Case in point? At the last count — not including the various country-specific outlets and plugs for emergency charging — there are more than seven different standards we can think of around the world for charging plug-in vehicles.
But while electric vehicle advocates and would-be buyers are continually frustrated and confused by the myriad of charging options on the market today, there’s at least one thing they can be assured of.
The Tesla Model S electric car — which itself uses Tesla’s own proprietary Supercharger connector and charging stations in order to rapidly replenish its battery pack — is backwards compatible with the humble floppy disk drive.
Confused? We’ll explain.
The Tesla Model S, like any other modern car on the market today, has an complex, sophisticated in-car entertainment and navigation system. Like other automakers, Tesla bases that system on current computer technology, but instead of choosing the usual embedded Microsoft-based systems favored by most automakers, the main infotainment system of the Tesla Model S runs on a customised Linux-based system.
That much we already knew, thanks to a series of enterprising Tesla Model S owners earlier this year who decided to hack into their car’s on-board computer system by building a custom ethernet adapter for their car.
But as Teslarati reports, one Tesla Model S owner decided to find out if the Linux-based operating system — and the two USB ports located in the centre console for charging mobile telephones and playing music from a USB memory stick — could recognise other USB devices too.

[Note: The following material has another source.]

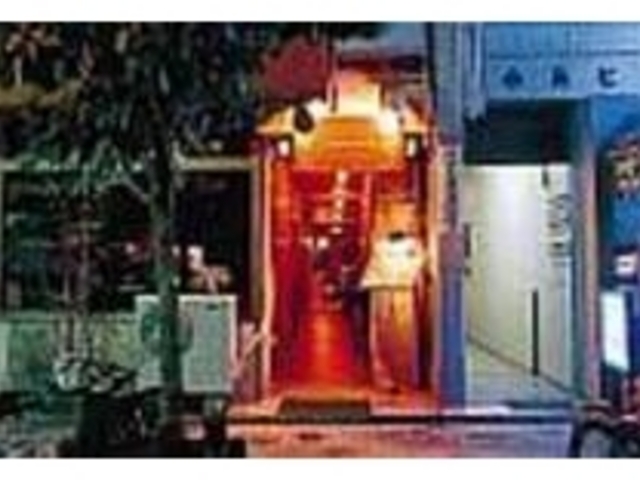 細い通路を進むと、そこには大人の隠れ家が_CABALLERO CLUB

Enter Tesla Model S owner Michael Cermak, who tried plugging in a series of different USB devices into his luxury plug-in car.
The result? While Cermak had no luck with a USB keyboard, he was able to get the Model S’ on-board system to recognise the USB mouse. Upon plugging the standard computer optical mouse into one of the car’s USB ports, a cursor in the form of a small blue dot appeared on the massive 17-inch touch screen, allowing him to navigate and access menus with the mouse rather than the touch-screen.

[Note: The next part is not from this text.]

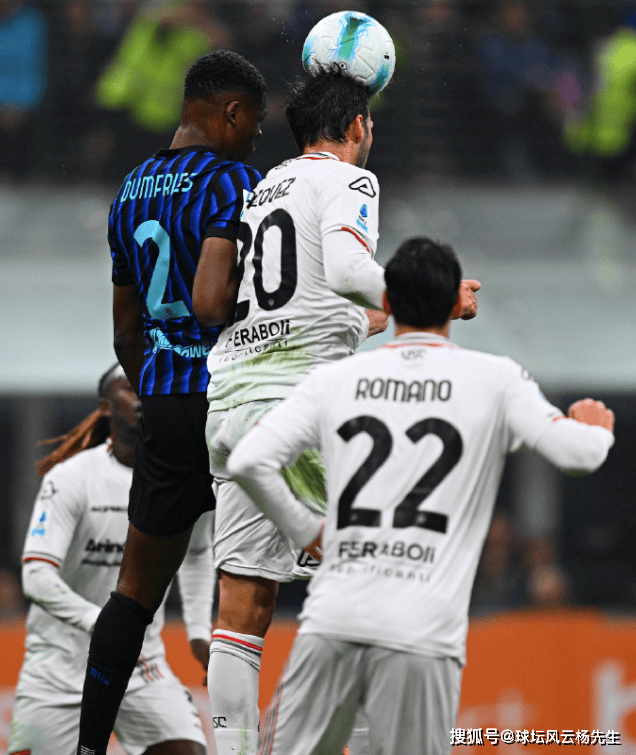 意甲爆冷！国际米兰4比1克雷雷莫纳，博尼一球三助荣膺最佳球员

Similarly, while a USB CD-Rom drive refused to work, Cermak found that his Tesla Model S was more than happy to read data from a USB-based 3.5-inch floppy disk drive. You know, the kind of drives which ceased being popular before Tesla Motors had even been founded.
As those who remember the days of 3.5-inch HD floppy disk drives will remember however, the maximum capacity of 1.44 MB formatted means using a floppy disk drive to play your favourite MP3s on your Tesla Model S isn’t going to be particularly easy. Especially if you consider that most modern high-sample rate MP3 files are at least five times that size for a single 3-minute song.
Of course, you could always down-size your favourite tunes to a lower bit rate in order to fit — but as we think you’ll agree, 8 kbps renditions of your favourite album on a single floppy disk drive isn’t perhaps the best use of that nice Tesla Model S sound system.
Why some devices and not others? We think it’s got something to do with the way that each system works within the car.
We’re guessing — although we’re not 100 percent sure — that the touch screen on the Tesla Model S has a built-in digitiser that makes it appear to the car like a mouse, while the USB keyboard has been disabled for security due to the on-screen keyboard built in to the Tesla’s operating system.
And the CD drive? We’re guessing that’s down to missing drivers in the system.
Either way, our inner nerds are having a nerdgasm right now – and we’re wondering how long it will be before someone hooks up something even less practical to those USB ports.